The FMLA covers all employers with 50 or more employees within 75 miles of an assigned duty station. Generally speaking, the FMLA allows a qualifying employee to take up to 12 weeks of leave during any 12 month period for a “serious health condition.” A serious health condition is defined as an illness, injury, impairment, or physical or mental condition that involves continuing treatment by a healthcare provider and includes any period of incapacity or treatment for the incapacity. Included in this definition are chronic conditions requiring periodic visits or treatments by a healthcare provider.

An illness that takes an employee out of work for three days may signal a serious health condition under the FMLA. Taking job action against an employee for missing work in such circumstances may expose the employer to a charge of interfering with the employee’s FMLA rights.
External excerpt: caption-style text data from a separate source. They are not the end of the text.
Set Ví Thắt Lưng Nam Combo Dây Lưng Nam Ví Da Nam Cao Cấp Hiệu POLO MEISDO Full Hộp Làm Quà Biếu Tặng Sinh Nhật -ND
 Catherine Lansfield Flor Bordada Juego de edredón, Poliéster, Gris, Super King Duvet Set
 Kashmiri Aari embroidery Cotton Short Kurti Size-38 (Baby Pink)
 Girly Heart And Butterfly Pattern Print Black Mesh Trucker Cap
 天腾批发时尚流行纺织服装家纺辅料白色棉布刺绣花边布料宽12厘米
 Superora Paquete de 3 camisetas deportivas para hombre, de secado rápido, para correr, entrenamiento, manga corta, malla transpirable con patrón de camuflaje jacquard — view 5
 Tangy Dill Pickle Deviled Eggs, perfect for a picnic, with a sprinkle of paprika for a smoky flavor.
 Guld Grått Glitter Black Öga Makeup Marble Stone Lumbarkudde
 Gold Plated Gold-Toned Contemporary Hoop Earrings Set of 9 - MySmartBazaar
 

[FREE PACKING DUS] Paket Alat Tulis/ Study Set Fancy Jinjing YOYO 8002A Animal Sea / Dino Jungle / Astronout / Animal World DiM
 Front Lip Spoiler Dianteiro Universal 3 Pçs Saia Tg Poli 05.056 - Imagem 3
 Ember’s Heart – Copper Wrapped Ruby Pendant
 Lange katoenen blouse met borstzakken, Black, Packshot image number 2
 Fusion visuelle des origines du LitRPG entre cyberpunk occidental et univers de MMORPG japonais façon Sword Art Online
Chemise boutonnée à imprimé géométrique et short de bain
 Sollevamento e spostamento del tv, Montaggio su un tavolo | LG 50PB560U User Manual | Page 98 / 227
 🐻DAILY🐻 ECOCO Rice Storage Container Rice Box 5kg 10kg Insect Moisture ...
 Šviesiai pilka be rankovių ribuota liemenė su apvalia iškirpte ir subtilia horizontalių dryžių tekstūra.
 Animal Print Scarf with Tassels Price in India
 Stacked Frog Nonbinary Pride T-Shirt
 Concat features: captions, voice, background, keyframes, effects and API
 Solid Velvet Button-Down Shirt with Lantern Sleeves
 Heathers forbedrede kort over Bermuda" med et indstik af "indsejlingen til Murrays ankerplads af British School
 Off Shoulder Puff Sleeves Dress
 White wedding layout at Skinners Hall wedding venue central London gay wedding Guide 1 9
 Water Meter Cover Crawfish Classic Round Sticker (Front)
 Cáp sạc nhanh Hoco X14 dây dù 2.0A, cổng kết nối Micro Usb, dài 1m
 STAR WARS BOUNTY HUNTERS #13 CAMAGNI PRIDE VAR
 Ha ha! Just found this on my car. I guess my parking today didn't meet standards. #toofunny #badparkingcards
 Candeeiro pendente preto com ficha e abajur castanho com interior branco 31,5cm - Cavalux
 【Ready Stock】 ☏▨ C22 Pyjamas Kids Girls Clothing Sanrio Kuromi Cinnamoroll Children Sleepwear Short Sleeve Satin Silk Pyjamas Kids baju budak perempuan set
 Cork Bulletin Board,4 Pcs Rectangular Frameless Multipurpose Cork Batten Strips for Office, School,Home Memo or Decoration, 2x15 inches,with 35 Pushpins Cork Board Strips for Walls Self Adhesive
For employers with no-fault attendance policies, the same amber warning light should illuminate potential FMLA absences as in the case of “disability-related absences.”

Pregnancy Discrimination Act

The   Pregnancy Discrimination Act prohibits discrimination against employees on the basis of pregnancy, child birth, or related medical conditions. Pregnant women must be treated the same as other employees not affected by pregnancy but similar in their inability to work. Employers must think twice about taking job action against pregnant women for attendance issues if employees with other problems would be accommodated. Pregnancy does not create hyper protection per se, but disciplinary action for absence due to related conditions will be scrutinized for disparate treatment as compared with other employee absences.


From the employer’s point of view, it should go without saying that regular attendance is an essential function of any job. The courts will not allow employers to fall back on a job requirement that is merely notional however. Rules of the road have been handed down by the courts and government agencies that will allow employers to navigate through this hazardous intersection of the law and the workplace.